ASSIGNMENT: Copy the material below verbatim from the line with "Tie Dye T-shirt Of L Size" to the line with "Ten Points - Women's", both lines included, omitting pictures and every line outside that range.

TASK INPUTS:
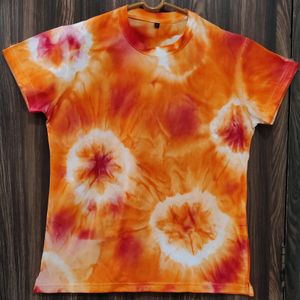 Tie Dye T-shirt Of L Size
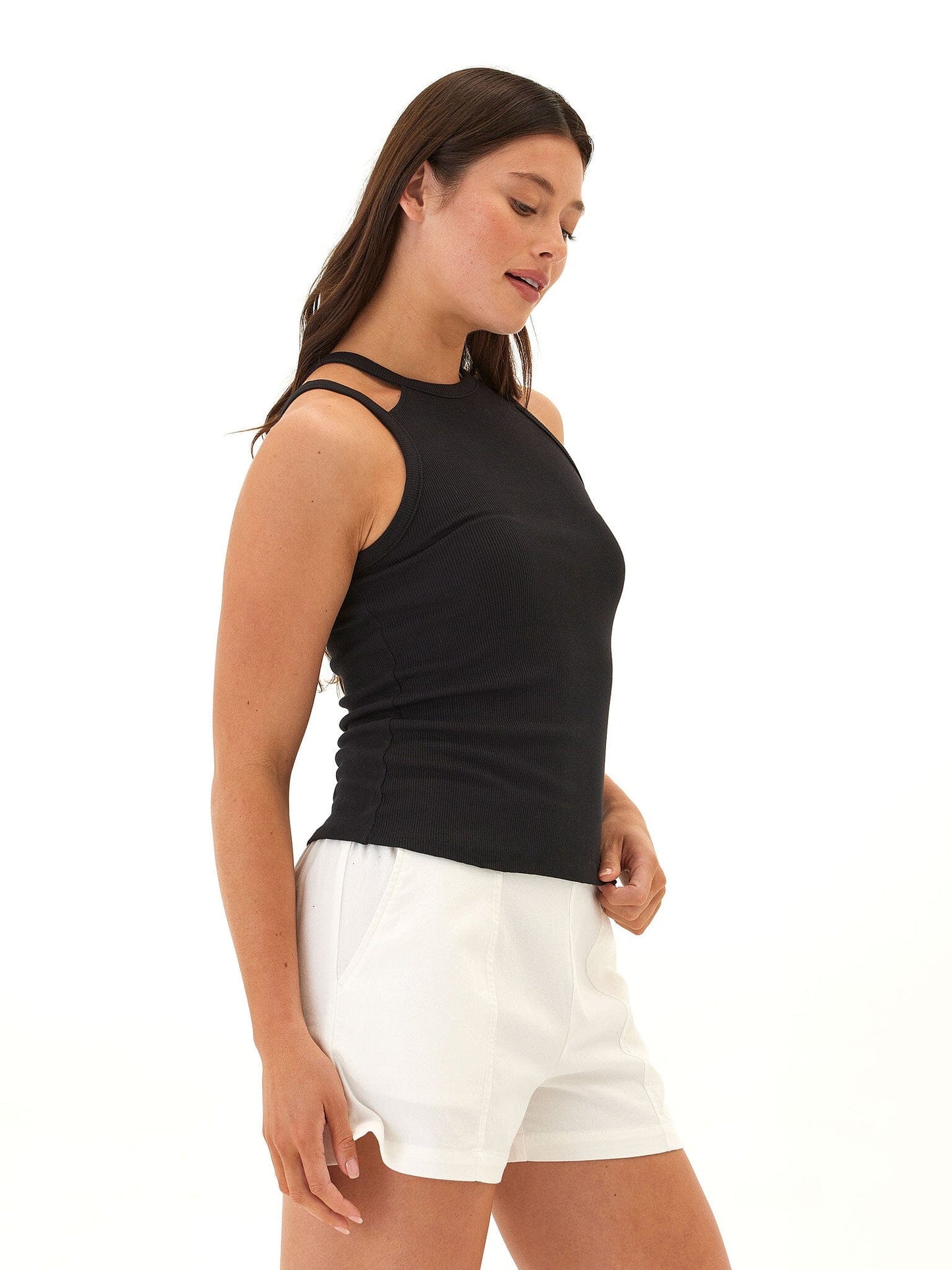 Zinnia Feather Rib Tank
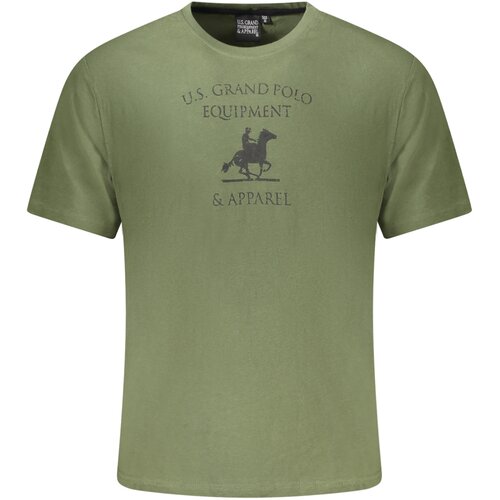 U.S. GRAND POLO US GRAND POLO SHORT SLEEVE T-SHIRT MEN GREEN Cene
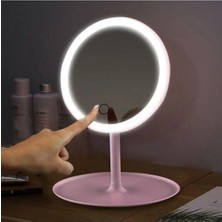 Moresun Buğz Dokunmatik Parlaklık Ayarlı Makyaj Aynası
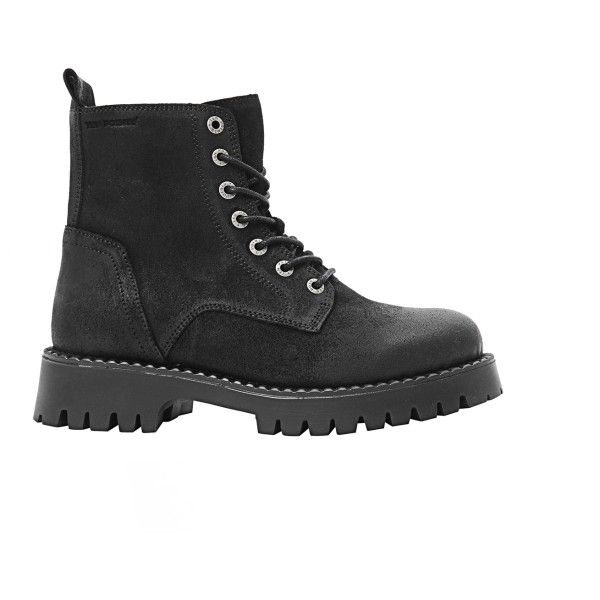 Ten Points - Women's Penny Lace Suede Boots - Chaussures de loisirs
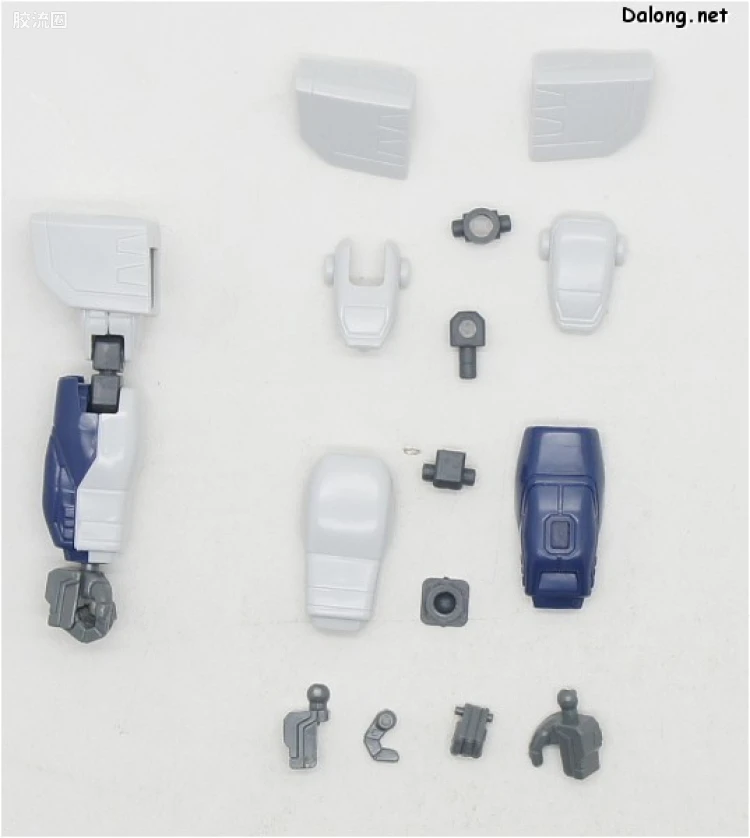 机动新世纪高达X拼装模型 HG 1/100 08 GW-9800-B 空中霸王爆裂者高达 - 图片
...
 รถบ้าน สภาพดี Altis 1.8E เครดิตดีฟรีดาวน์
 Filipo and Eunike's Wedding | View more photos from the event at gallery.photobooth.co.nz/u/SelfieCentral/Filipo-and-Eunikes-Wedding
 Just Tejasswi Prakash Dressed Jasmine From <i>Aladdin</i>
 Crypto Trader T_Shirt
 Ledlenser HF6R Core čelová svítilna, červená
* * *
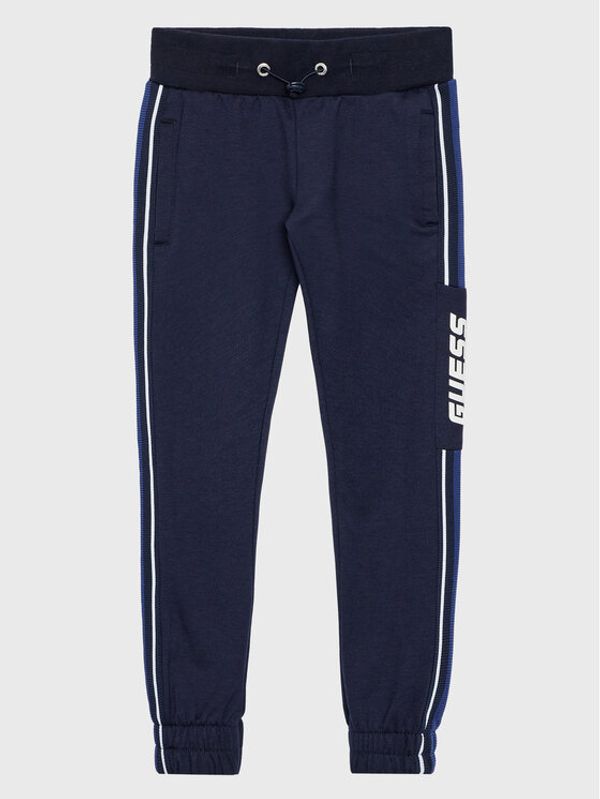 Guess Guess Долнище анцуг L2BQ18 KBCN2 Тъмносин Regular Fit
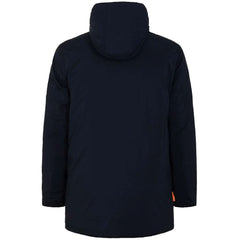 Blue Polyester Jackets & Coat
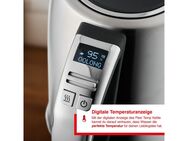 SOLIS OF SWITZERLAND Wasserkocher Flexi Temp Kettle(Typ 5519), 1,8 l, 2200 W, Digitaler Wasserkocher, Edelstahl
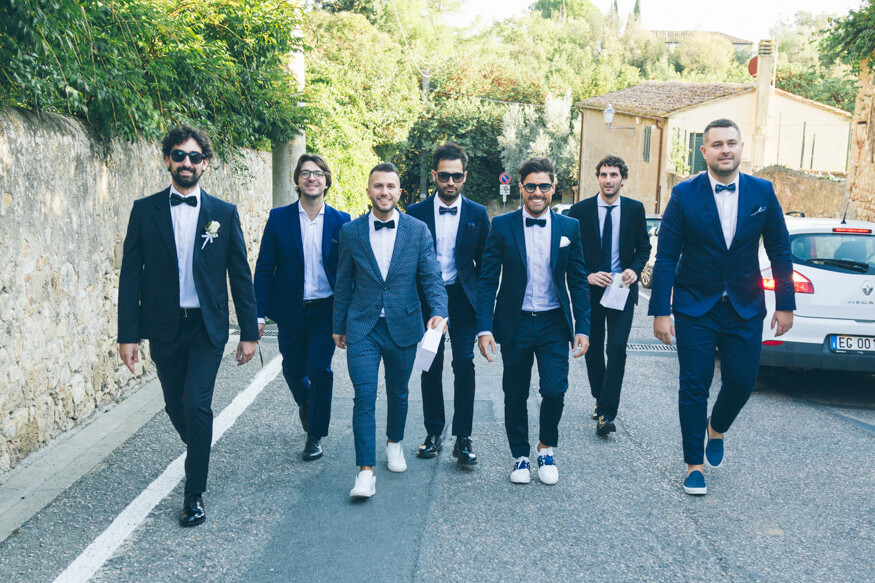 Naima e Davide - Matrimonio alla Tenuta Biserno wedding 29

RESPONSE BELOW:
 Tie Dye T-shirt Of L Size
 Zinnia Feather Rib Tank
 U.S. GRAND POLO US GRAND POLO SHORT SLEEVE T-SHIRT MEN GREEN Cene
 Moresun Buğz Dokunmatik Parlaklık Ayarlı Makyaj Aynası
 Ten Points - Women's Penny Lace Suede Boots - Chaussures de loisirs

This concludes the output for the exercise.